## EXTRACTED RECORDS

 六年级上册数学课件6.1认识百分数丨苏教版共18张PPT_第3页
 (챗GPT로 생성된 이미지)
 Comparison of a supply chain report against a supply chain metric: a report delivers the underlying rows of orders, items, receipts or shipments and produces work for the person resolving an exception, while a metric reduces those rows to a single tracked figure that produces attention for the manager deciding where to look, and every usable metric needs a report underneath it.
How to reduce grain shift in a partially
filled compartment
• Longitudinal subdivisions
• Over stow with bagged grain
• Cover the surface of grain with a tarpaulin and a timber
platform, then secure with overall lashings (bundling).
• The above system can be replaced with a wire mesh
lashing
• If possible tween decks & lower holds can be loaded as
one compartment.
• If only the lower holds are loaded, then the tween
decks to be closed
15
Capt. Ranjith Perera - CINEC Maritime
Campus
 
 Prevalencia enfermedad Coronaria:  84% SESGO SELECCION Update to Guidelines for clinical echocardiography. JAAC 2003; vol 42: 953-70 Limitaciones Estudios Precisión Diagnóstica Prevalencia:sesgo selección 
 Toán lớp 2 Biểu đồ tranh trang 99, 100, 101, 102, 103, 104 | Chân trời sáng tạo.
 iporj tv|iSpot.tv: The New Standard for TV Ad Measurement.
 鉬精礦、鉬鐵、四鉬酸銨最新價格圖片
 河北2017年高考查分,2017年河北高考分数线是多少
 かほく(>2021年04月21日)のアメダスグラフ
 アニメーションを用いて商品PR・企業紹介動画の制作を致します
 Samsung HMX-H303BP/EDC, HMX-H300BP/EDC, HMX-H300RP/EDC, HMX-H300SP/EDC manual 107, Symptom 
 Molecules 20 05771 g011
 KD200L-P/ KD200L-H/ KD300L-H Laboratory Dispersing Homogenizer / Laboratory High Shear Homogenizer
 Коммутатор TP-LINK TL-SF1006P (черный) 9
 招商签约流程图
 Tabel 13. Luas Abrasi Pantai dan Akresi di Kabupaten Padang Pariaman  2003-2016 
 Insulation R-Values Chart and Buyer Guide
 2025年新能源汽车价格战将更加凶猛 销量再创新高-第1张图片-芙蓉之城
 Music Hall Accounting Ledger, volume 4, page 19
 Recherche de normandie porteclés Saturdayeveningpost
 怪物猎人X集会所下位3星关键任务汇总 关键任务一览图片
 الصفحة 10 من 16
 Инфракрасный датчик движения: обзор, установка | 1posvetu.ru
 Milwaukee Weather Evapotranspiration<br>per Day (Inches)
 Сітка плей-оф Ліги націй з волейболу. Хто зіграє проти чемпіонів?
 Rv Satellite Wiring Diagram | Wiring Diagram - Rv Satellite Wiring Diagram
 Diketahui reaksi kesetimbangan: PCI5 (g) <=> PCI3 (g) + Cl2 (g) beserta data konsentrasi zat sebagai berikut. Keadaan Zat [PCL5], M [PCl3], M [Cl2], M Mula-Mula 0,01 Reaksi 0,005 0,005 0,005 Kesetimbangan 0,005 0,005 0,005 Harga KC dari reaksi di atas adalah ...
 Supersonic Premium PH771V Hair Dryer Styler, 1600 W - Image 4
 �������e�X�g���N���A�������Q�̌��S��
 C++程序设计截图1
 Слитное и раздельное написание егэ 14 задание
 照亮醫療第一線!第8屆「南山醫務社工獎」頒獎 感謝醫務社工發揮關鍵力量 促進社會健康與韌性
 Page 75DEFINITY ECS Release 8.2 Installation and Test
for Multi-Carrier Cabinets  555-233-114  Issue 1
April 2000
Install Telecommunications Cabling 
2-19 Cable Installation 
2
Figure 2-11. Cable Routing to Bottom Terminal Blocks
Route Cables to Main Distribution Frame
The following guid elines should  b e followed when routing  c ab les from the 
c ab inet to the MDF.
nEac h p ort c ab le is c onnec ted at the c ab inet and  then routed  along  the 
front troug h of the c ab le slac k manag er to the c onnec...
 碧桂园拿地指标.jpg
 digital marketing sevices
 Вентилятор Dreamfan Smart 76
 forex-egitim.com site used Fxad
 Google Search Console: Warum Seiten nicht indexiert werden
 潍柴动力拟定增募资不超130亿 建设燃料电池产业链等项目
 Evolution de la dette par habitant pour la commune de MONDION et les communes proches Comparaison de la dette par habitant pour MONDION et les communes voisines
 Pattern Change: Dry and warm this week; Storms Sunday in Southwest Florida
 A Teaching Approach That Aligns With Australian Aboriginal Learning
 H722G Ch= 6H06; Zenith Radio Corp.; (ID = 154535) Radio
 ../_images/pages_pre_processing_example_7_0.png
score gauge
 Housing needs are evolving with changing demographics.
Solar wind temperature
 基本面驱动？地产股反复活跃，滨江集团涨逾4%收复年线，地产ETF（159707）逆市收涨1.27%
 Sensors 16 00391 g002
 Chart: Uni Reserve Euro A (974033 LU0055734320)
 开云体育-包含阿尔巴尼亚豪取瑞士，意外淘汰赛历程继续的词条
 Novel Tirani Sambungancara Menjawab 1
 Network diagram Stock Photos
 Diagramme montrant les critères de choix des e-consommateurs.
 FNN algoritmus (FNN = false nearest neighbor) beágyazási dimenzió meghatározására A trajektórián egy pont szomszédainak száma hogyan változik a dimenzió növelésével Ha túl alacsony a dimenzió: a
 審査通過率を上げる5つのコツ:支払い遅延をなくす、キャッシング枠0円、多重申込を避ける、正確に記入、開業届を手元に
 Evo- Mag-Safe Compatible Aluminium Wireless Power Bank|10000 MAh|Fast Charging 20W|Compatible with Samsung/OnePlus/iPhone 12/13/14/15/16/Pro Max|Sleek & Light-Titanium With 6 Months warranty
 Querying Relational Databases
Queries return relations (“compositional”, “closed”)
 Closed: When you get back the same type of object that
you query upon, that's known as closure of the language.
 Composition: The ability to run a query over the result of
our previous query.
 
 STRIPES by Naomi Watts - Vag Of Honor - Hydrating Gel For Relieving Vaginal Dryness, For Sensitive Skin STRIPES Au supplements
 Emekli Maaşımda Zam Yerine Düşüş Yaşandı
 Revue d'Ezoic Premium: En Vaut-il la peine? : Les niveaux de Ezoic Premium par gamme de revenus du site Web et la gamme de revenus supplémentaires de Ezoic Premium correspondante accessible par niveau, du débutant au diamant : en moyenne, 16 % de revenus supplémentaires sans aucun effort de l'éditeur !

## WORK ORDER
All of the material above should be transcribed exactly, with no line omitted.

## RESPONSE BOX
 六年级上册数学课件6.1认识百分数丨苏教版共18张PPT_第3页
 (챗GPT로 생성된 이미지)
 Comparison of a supply chain report against a supply chain metric: a report delivers the underlying rows of orders, items, receipts or shipments and produces work for the person resolving an exception, while a metric reduces those rows to a single tracked figure that produces attention for the manager deciding where to look, and every usable metric needs a report underneath it.
How to reduce grain shift in a partially
filled compartment
• Longitudinal subdivisions
• Over stow with bagged grain
• Cover the surface of grain with a tarpaulin and a timber
platform, then secure with overall lashings (bundling).
• The above system can be replaced with a wire mesh
lashing
• If possible tween decks & lower holds can be loaded as
one compartment.
• If only the lower holds are loaded, then the tween
decks to be closed
15
Capt. Ranjith Perera - CINEC Maritime
Campus
 
 Prevalencia enfermedad Coronaria:  84% SESGO SELECCION Update to Guidelines for clinical echocardiography. JAAC 2003; vol 42: 953-70 Limitaciones Estudios Precisión Diagnóstica Prevalencia:sesgo selección 
 Toán lớp 2 Biểu đồ tranh trang 99, 100, 101, 102, 103, 104 | Chân trời sáng tạo.
 iporj tv|iSpot.tv: The New Standard for TV Ad Measurement.
 鉬精礦、鉬鐵、四鉬酸銨最新價格圖片
 河北2017年高考查分,2017年河北高考分数线是多少
 かほく(>2021年04月21日)のアメダスグラフ
 アニメーションを用いて商品PR・企業紹介動画の制作を致します
 Samsung HMX-H303BP/EDC, HMX-H300BP/EDC, HMX-H300RP/EDC, HMX-H300SP/EDC manual 107, Symptom 
 Molecules 20 05771 g011
 KD200L-P/ KD200L-H/ KD300L-H Laboratory Dispersing Homogenizer / Laboratory High Shear Homogenizer
 Коммутатор TP-LINK TL-SF1006P (черный) 9
 招商签约流程图
 Tabel 13. Luas Abrasi Pantai dan Akresi di Kabupaten Padang Pariaman  2003-2016 
 Insulation R-Values Chart and Buyer Guide
 2025年新能源汽车价格战将更加凶猛 销量再创新高-第1张图片-芙蓉之城
 Music Hall Accounting Ledger, volume 4, page 19
 Recherche de normandie porteclés Saturdayeveningpost
 怪物猎人X集会所下位3星关键任务汇总 关键任务一览图片
 الصفحة 10 من 16
 Инфракрасный датчик движения: обзор, установка | 1posvetu.ru
 Milwaukee Weather Evapotranspiration<br>per Day (Inches)
 Сітка плей-оф Ліги націй з волейболу. Хто зіграє проти чемпіонів?
 Rv Satellite Wiring Diagram | Wiring Diagram - Rv Satellite Wiring Diagram
 Diketahui reaksi kesetimbangan: PCI5 (g) <=> PCI3 (g) + Cl2 (g) beserta data konsentrasi zat sebagai berikut. Keadaan Zat [PCL5], M [PCl3], M [Cl2], M Mula-Mula 0,01 Reaksi 0,005 0,005 0,005 Kesetimbangan 0,005 0,005 0,005 Harga KC dari reaksi di atas adalah ...
 Supersonic Premium PH771V Hair Dryer Styler, 1600 W - Image 4
 �������e�X�g���N���A�������Q�̌��S��
 C++程序设计截图1
 Слитное и раздельное написание егэ 14 задание
 照亮醫療第一線!第8屆「南山醫務社工獎」頒獎 感謝醫務社工發揮關鍵力量 促進社會健康與韌性
 Page 75DEFINITY ECS Release 8.2 Installation and Test
for Multi-Carrier Cabinets  555-233-114  Issue 1
April 2000
Install Telecommunications Cabling 
2-19 Cable Installation 
2
Figure 2-11. Cable Routing to Bottom Terminal Blocks
Route Cables to Main Distribution Frame
The following guid elines should  b e followed when routing  c ab les from the 
c ab inet to the MDF.
nEac h p ort c ab le is c onnec ted at the c ab inet and  then routed  along  the 
front troug h of the c ab le slac k manag er to the c onnec...
 碧桂园拿地指标.jpg
 digital marketing sevices
 Вентилятор Dreamfan Smart 76
 forex-egitim.com site used Fxad
 Google Search Console: Warum Seiten nicht indexiert werden
 潍柴动力拟定增募资不超130亿 建设燃料电池产业链等项目
 Evolution de la dette par habitant pour la commune de MONDION et les communes proches Comparaison de la dette par habitant pour MONDION et les communes voisines
 Pattern Change: Dry and warm this week; Storms Sunday in Southwest Florida
 A Teaching Approach That Aligns With Australian Aboriginal Learning
 H722G Ch= 6H06; Zenith Radio Corp.; (ID = 154535) Radio
 ../_images/pages_pre_processing_example_7_0.png
score gauge
 Housing needs are evolving with changing demographics.
Solar wind temperature
 基本面驱动？地产股反复活跃，滨江集团涨逾4%收复年线，地产ETF（159707）逆市收涨1.27%
 Sensors 16 00391 g002
 Chart: Uni Reserve Euro A (974033 LU0055734320)
 开云体育-包含阿尔巴尼亚豪取瑞士，意外淘汰赛历程继续的词条
 Novel Tirani Sambungancara Menjawab 1
 Network diagram Stock Photos
 Diagramme montrant les critères de choix des e-consommateurs.
 FNN algoritmus (FNN = false nearest neighbor) beágyazási dimenzió meghatározására A trajektórián egy pont szomszédainak száma hogyan változik a dimenzió növelésével Ha túl alacsony a dimenzió: a
 審査通過率を上げる5つのコツ:支払い遅延をなくす、キャッシング枠0円、多重申込を避ける、正確に記入、開業届を手元に
 Evo- Mag-Safe Compatible Aluminium Wireless Power Bank|10000 MAh|Fast Charging 20W|Compatible with Samsung/OnePlus/iPhone 12/13/14/15/16/Pro Max|Sleek & Light-Titanium With 6 Months warranty
 Querying Relational Databases
Queries return relations (“compositional”, “closed”)
 Closed: When you get back the same type of object that
you query upon, that's known as closure of the language.
 Composition: The ability to run a query over the result of
our previous query.
 
 STRIPES by Naomi Watts - Vag Of Honor - Hydrating Gel For Relieving Vaginal Dryness, For Sensitive Skin STRIPES Au supplements
 Emekli Maaşımda Zam Yerine Düşüş Yaşandı
 Revue d'Ezoic Premium: En Vaut-il la peine? : Les niveaux de Ezoic Premium par gamme de revenus du site Web et la gamme de revenus supplémentaires de Ezoic Premium correspondante accessible par niveau, du débutant au diamant : en moyenne, 16 % de revenus supplémentaires sans aucun effort de l'éditeur !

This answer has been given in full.